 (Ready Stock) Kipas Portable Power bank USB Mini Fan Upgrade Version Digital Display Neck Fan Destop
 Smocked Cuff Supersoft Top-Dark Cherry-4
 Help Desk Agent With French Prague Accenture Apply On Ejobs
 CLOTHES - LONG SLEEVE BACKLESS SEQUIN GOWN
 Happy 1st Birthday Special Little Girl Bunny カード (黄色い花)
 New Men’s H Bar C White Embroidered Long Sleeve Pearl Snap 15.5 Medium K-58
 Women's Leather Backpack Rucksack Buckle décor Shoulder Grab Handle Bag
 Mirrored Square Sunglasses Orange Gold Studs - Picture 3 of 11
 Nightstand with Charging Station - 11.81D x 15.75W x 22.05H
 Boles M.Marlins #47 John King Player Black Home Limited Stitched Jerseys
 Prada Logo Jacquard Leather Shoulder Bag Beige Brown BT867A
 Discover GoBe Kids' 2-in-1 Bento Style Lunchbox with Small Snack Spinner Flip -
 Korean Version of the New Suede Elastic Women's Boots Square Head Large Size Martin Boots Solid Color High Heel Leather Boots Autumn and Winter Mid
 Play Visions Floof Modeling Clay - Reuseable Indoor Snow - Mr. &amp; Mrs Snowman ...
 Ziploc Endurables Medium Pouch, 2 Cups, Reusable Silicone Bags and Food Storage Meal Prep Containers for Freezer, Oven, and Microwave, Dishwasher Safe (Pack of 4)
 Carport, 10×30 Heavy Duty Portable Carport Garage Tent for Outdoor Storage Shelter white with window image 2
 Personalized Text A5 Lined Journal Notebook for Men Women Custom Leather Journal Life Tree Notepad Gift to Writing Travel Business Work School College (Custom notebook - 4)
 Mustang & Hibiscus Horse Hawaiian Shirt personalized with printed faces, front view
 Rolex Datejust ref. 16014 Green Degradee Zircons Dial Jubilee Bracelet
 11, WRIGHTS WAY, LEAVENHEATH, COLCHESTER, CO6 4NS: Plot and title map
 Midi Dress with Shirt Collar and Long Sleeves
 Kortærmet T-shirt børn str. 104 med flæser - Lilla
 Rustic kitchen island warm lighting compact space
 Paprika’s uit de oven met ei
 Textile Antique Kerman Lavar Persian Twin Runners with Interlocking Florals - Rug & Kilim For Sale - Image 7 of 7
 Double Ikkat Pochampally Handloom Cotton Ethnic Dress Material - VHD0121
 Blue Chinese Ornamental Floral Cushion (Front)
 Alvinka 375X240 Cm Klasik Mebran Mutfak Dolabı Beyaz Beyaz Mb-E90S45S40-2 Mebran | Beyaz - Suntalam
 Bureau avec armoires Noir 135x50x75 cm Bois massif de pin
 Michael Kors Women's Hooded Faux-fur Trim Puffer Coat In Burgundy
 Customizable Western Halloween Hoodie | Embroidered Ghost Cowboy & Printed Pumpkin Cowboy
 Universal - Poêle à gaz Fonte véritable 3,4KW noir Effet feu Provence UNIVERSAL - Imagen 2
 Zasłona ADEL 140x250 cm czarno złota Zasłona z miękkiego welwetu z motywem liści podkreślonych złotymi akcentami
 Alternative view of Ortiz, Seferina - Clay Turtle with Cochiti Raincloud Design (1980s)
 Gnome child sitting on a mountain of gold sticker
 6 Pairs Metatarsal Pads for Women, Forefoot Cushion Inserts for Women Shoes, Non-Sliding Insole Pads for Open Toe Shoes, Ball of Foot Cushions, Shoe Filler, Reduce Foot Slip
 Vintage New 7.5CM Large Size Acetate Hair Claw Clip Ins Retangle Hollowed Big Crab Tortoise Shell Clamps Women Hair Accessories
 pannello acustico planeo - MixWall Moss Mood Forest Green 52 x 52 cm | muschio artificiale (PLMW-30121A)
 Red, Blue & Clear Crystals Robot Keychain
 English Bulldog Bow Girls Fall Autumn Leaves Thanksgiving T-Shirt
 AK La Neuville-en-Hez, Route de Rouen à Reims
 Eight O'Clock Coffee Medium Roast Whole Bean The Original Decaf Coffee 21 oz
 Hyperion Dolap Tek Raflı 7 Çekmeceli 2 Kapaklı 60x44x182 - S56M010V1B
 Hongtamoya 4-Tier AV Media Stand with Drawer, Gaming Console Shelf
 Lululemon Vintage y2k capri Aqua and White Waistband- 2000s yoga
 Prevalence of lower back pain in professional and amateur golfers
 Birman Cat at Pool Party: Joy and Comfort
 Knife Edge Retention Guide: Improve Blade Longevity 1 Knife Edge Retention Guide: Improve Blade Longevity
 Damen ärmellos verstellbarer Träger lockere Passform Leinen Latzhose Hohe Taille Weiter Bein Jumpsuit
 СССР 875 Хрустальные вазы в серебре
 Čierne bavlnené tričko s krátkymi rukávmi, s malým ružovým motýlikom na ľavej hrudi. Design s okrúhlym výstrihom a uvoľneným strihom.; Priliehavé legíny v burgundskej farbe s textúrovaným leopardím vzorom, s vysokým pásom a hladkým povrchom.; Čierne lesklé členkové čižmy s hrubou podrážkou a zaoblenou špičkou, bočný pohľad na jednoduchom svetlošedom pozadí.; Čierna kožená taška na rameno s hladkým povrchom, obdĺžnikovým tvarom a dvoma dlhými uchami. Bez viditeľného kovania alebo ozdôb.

----

How to complete this task >> The answer must consist of every line from the records above that holds "Cushion".

Expected answer >>
 Blue Chinese Ornamental Floral Cushion (Front)
 6 Pairs Metatarsal Pads for Women, Forefoot Cushion Inserts for Women Shoes, Non-Sliding Insole Pads for Open Toe Shoes, Ball of Foot Cushions, Shoe Filler, Reduce Foot Slip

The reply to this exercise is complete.